Mickey Z. -- World News Trust
June 30, 2020
“The only place I felt I did anything right was art class.”
Those are the words of Laura D. She and I crossed paths when she was homeless and panhandling near Bryant Park. I was out, making my rounds, in service of the one-man project to help homeless women I had started in October 2016.
“I began noticing and loving color at a very young age. My father was a chemist who made and sold pigments for a living. So, color made up my whole world. There were charts and test pigments all over the home I grew up in. As I got a little older -- maybe 5 or 6 -- my father and I would create stories together. He would write a sentence or two on a piece of notebook paper and I would illustrate it.” (Laura D)
My project -- Helping Homeless Women-NYC -- began with me creating packs of clothes, supplies, and food. I’d travel all around midtown Manhattan to hand them out. I learned a lot in the process. As I earned the homeless women’s trust and they began to guide me on how to really help, the project took on a life of its own. For example, when I first met Laura D, she quickly explained to me how to be more effective when it came to giving out underwear.

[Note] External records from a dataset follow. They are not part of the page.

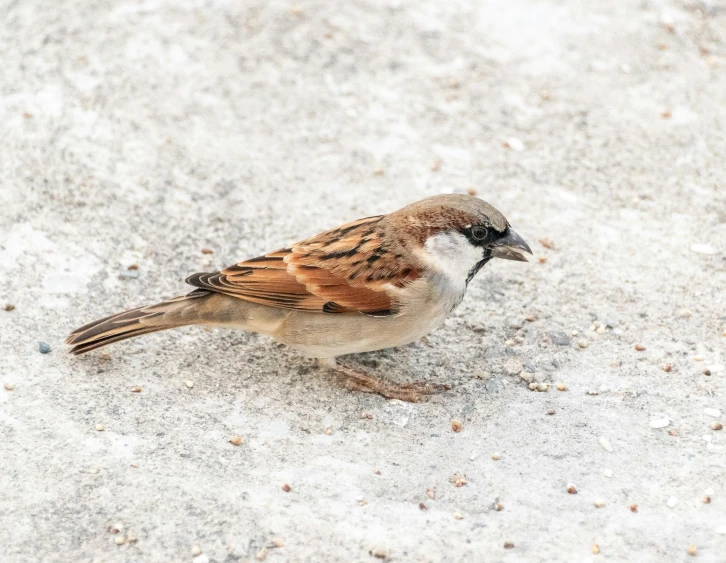 a bird that is standing on some snow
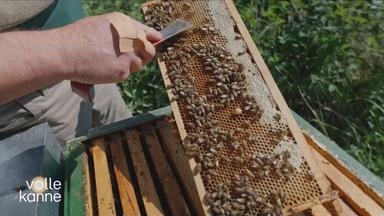 Bienen auf Honigwaben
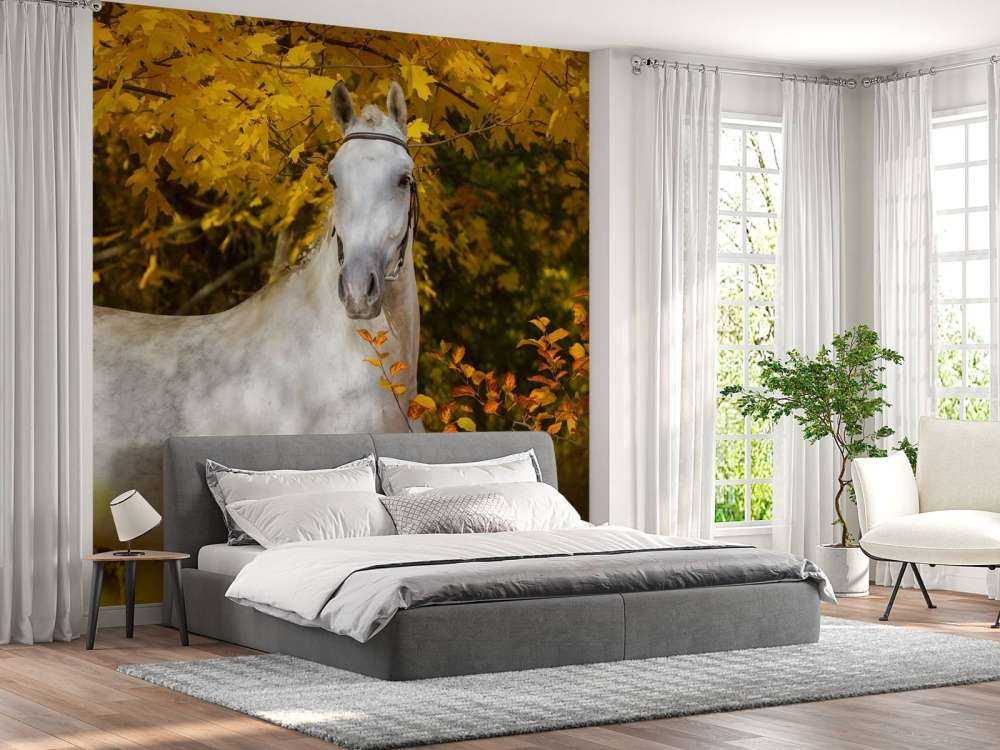 Wit Paard in de Herfst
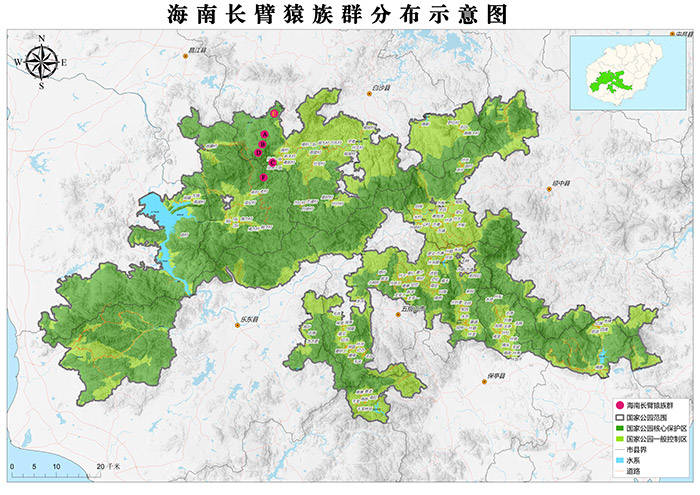 "极度濒危"物种海南长臂猿喜添丁_热带雨林_监测_栖息地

“At school, I was singled out for being strange/slow/odd. Kids can be very unforgiving. The only place I felt I did anything right was art class. My father noticed and started to sign me up for anything I wanted to learn, artist book-making, found-object sculpture, figure drawing, oils, etc. At 12 years old, I took my first watercolor class.” (Laura D)

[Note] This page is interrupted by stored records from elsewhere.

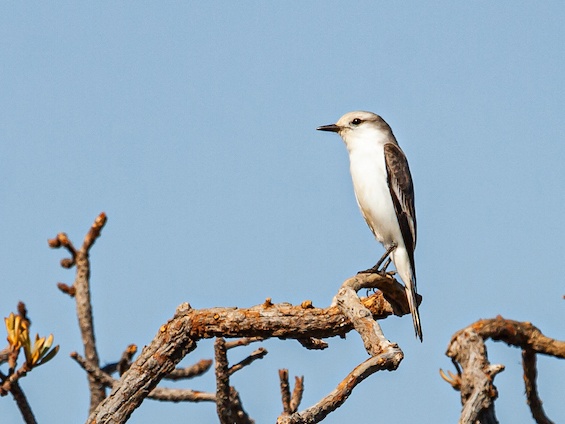 Galería Birds and WL Pantanal & Cerrado (set dept.) 565x424
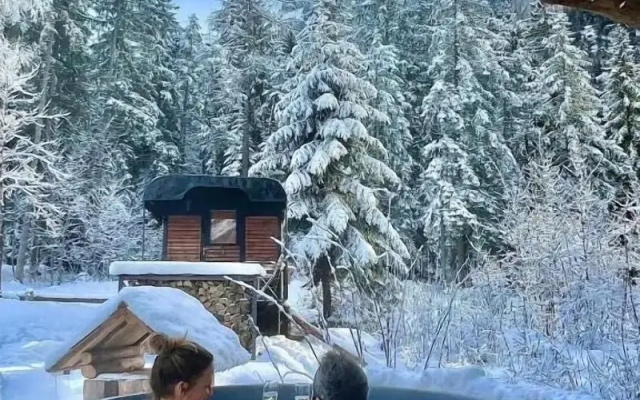 Hotel Ermitage Kandersteg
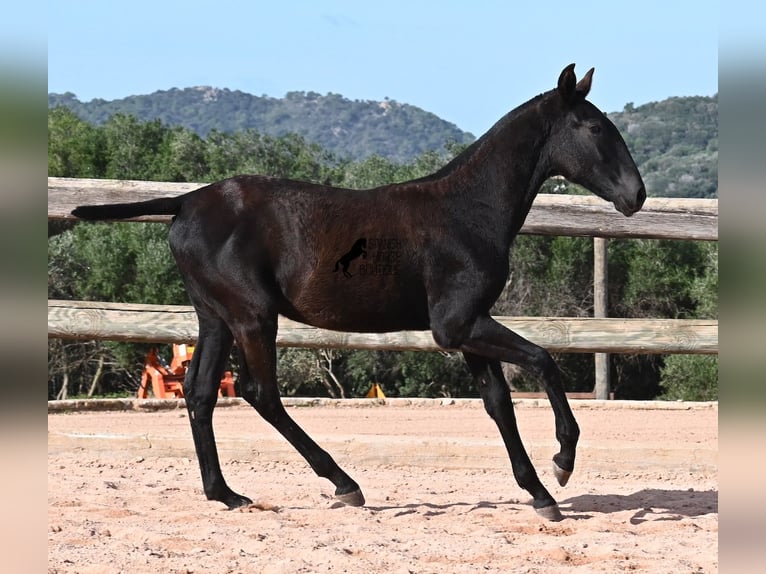 Menorquiner Stute Fohlen (02/2025) 168 cm Rappe in Menorca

I grew overzealous and lugged around so much stuff that I caused long-term problems for my feet (still going on). This painful reality, combined with the lessons I learned from Laura and others, led to changes. Eventually, I switched to giving out gift cards for local restaurants, coffee shops, and discount stores. This empowered the women to buy exactly what they wanted, when they wanted it. They’d also gain access to a clean bathroom and get a temporary respite from the streets. It was a chance, some would tell me, to fit in and feel like everyone else for a little while.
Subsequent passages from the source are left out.